• [To do]:
The entries that follow should be written out exactly.

### Entries supplied ###

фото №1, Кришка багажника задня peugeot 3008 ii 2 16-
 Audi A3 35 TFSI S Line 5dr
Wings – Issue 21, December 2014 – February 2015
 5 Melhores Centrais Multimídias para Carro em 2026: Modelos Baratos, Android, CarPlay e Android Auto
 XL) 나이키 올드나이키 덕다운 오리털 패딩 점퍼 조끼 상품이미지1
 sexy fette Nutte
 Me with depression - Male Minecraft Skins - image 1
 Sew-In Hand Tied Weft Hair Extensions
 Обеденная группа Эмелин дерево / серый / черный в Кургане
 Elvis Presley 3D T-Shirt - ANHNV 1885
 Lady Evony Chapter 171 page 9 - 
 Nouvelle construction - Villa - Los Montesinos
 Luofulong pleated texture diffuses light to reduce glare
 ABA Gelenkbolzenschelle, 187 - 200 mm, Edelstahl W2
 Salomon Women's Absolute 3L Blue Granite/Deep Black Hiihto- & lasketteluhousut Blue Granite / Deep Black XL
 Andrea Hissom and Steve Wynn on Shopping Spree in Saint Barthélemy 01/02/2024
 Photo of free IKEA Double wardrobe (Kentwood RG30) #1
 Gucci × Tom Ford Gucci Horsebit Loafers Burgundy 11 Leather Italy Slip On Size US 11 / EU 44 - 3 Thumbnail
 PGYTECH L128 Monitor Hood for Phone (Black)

###

• [Worked solution]:
фото №1, Кришка багажника задня peugeot 3008 ii 2 16-
 Audi A3 35 TFSI S Line 5dr
Wings – Issue 21, December 2014 – February 2015
 5 Melhores Centrais Multimídias para Carro em 2026: Modelos Baratos, Android, CarPlay e Android Auto
 XL) 나이키 올드나이키 덕다운 오리털 패딩 점퍼 조끼 상품이미지1
 sexy fette Nutte
 Me with depression - Male Minecraft Skins - image 1
 Sew-In Hand Tied Weft Hair Extensions
 Обеденная группа Эмелин дерево / серый / черный в Кургане
 Elvis Presley 3D T-Shirt - ANHNV 1885
 Lady Evony Chapter 171 page 9 - 
 Nouvelle construction - Villa - Los Montesinos
 Luofulong pleated texture diffuses light to reduce glare
 ABA Gelenkbolzenschelle, 187 - 200 mm, Edelstahl W2
 Salomon Women's Absolute 3L Blue Granite/Deep Black Hiihto- & lasketteluhousut Blue Granite / Deep Black XL
 Andrea Hissom and Steve Wynn on Shopping Spree in Saint Barthélemy 01/02/2024
 Photo of free IKEA Double wardrobe (Kentwood RG30) #1
 Gucci × Tom Ford Gucci Horsebit Loafers Burgundy 11 Leather Italy Slip On Size US 11 / EU 44 - 3 Thumbnail
 PGYTECH L128 Monitor Hood for Phone (Black)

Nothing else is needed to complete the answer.